Jobs antwoord aan Bildad
1 Maar Job antwoordde en zeide:
2 Waarlijk, ik weet, dat het zo is; want hoe zou de mens rechtvaardig zijn bij God?
3 Zo Hij lust heeft, om met hem te twisten, niet één uit duizend zal hij Hem beantwoorden.
4 Hij is wijs van hart, en sterk van kracht; wie heeft zich tegen Hem verhard, en vrede gehad?

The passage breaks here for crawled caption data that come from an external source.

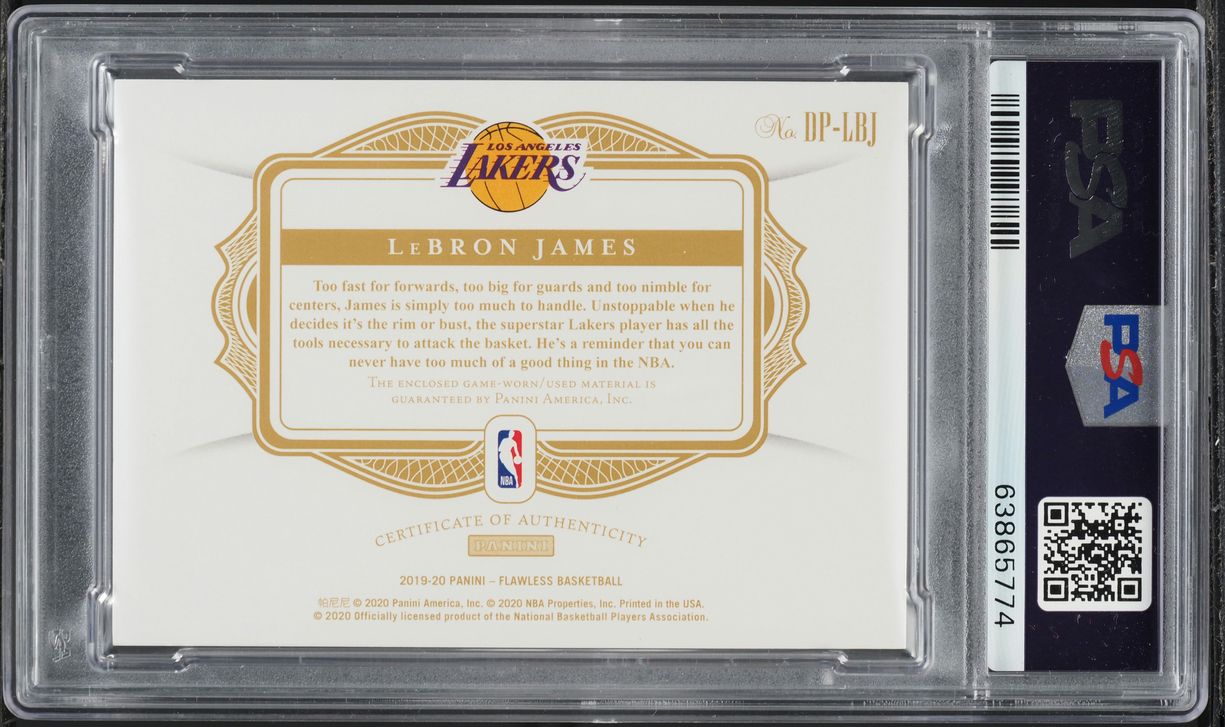 2019 Panini Flawless Dual Ruby LeBron James PATCH /15 #DPLBJ PSA 8 NM-MT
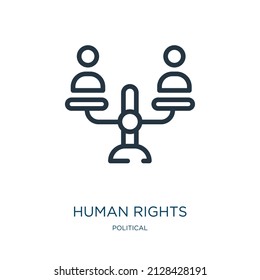human rights thin line icon. human, people linear icons from political concept isolated outline sign. Vector illustration symbol element for web design and apps.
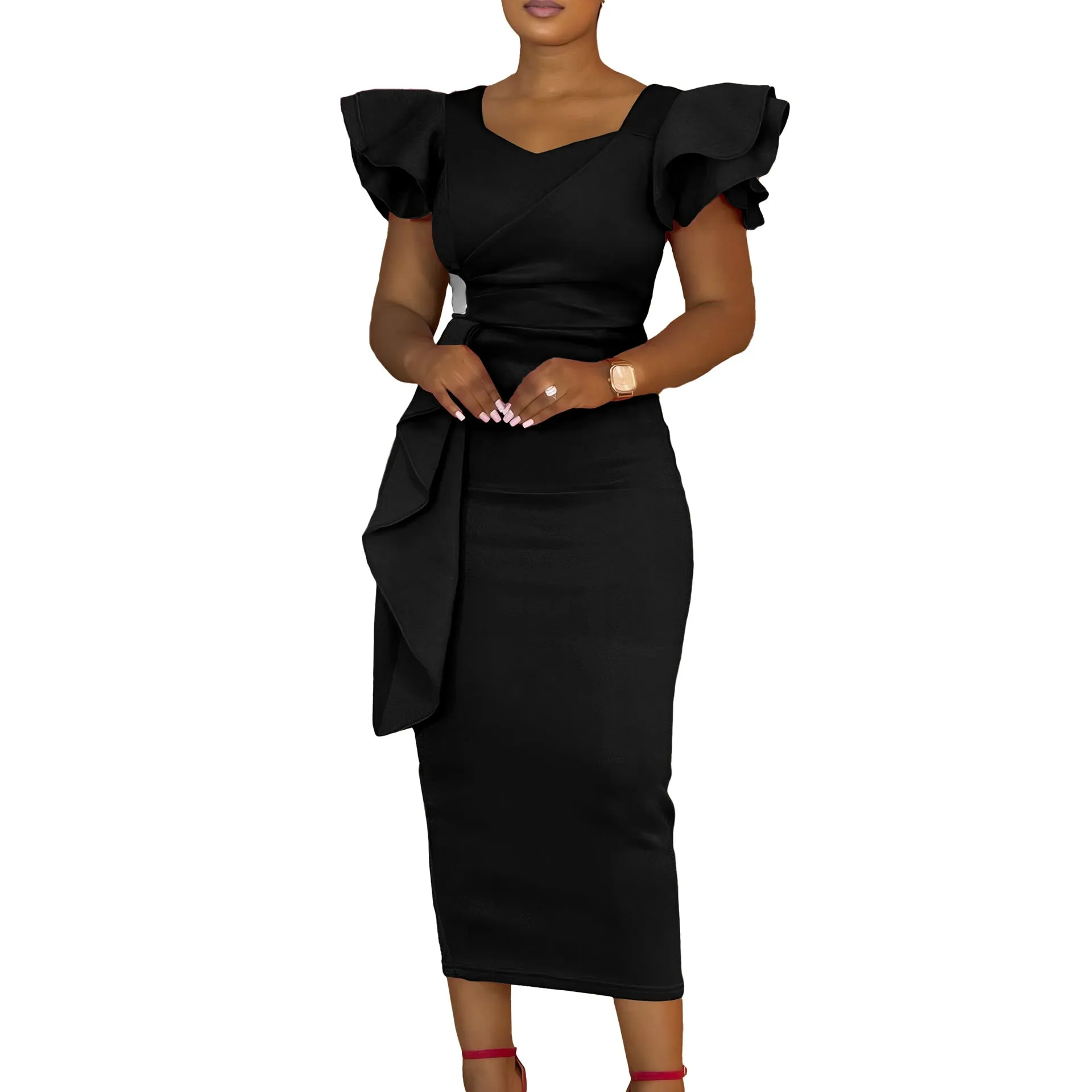 Sophisticated Ruffle Detail Bodycon Dress for Formal and Office Wear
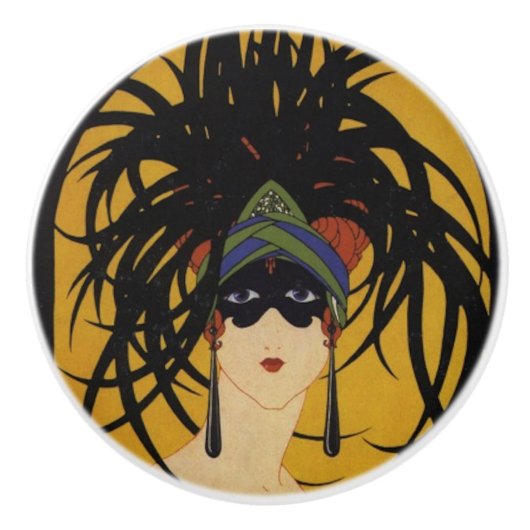 Art Deco Festive Lady Keramische Knop (Voorkant)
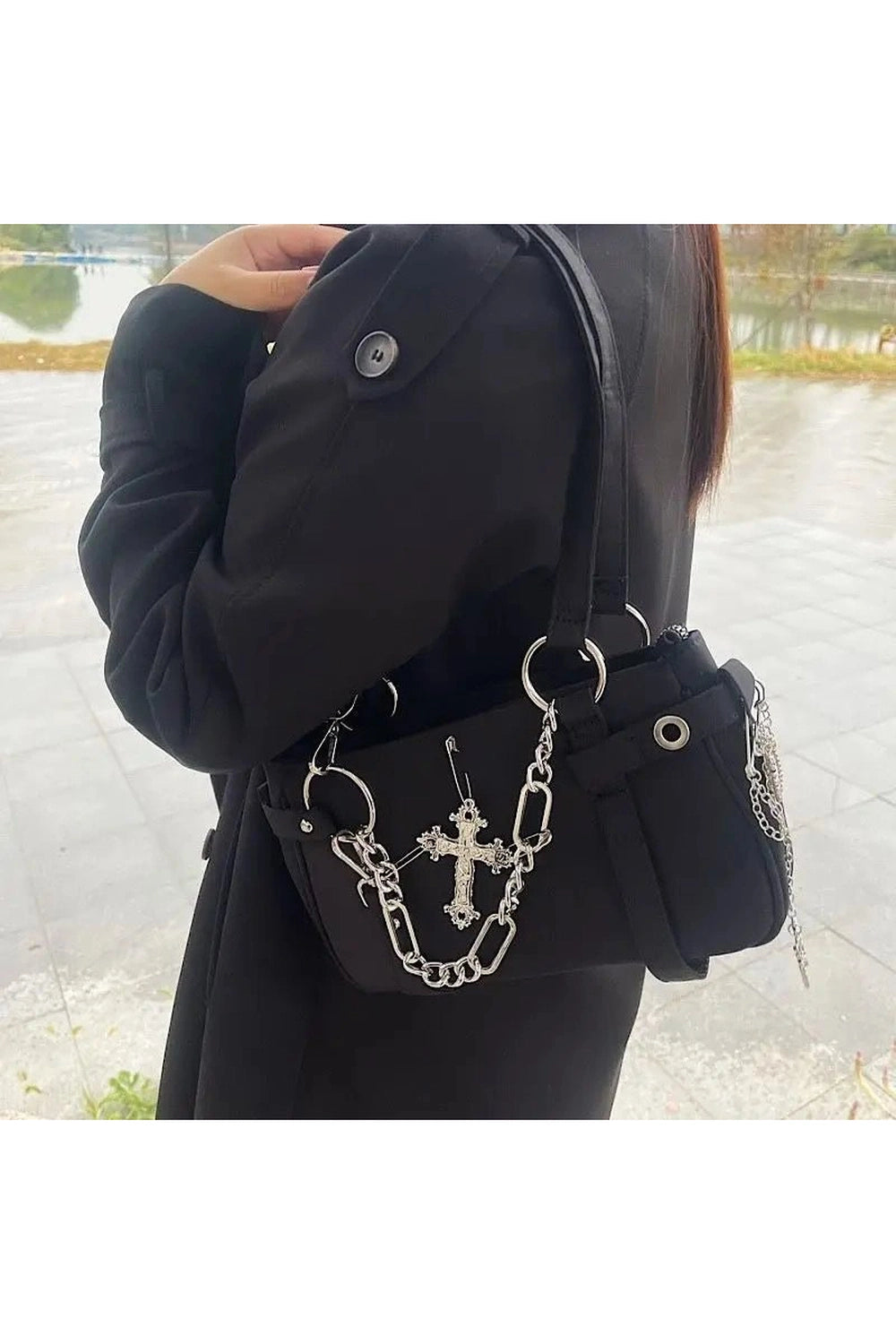 Gothic Cross Chain Shoulder Bag - Y2K Fashion Aesthetic Accessory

5 Die de bergen verzet, dat zij het niet gewaar worden, Die ze omkeert in Zijn toorn;
6 Die de aarde beweegt uit haar plaats, dat haar pilaren schudden;
7 Die de zon gebiedt, en zij gaat niet op; en verzegelt de sterren;
8 Die alleen de hemelen uitbreidt, en treedt op de hoogten der zee;
9 Die de Wagen maakt, de Oríon, en het Zevengesternte, en de binnenkamers van het Zuiden;
10 Die grote dingen doet, die men niet doorzoeken kan; en wonderen, die men niet tellen kan.
11 Zie, Hij zal voor mij heengaan, en ik zal Hem niet zien; en Hij zal voorbijgaan, en ik zal Hem niet opmerken.
12 Zie, Hij zal roven, wie zal het Hem doen teruggeven? Wie zal tot Hem zeggen: Wat doet Gij?
13 God zal Zijn toorn niet afkeren; onder Hem worden gebogen de hovaardige helpers.
14 Hoeveel te minder zal ik Hem antwoorden, en mijn woorden uitkiezen tegen Hem?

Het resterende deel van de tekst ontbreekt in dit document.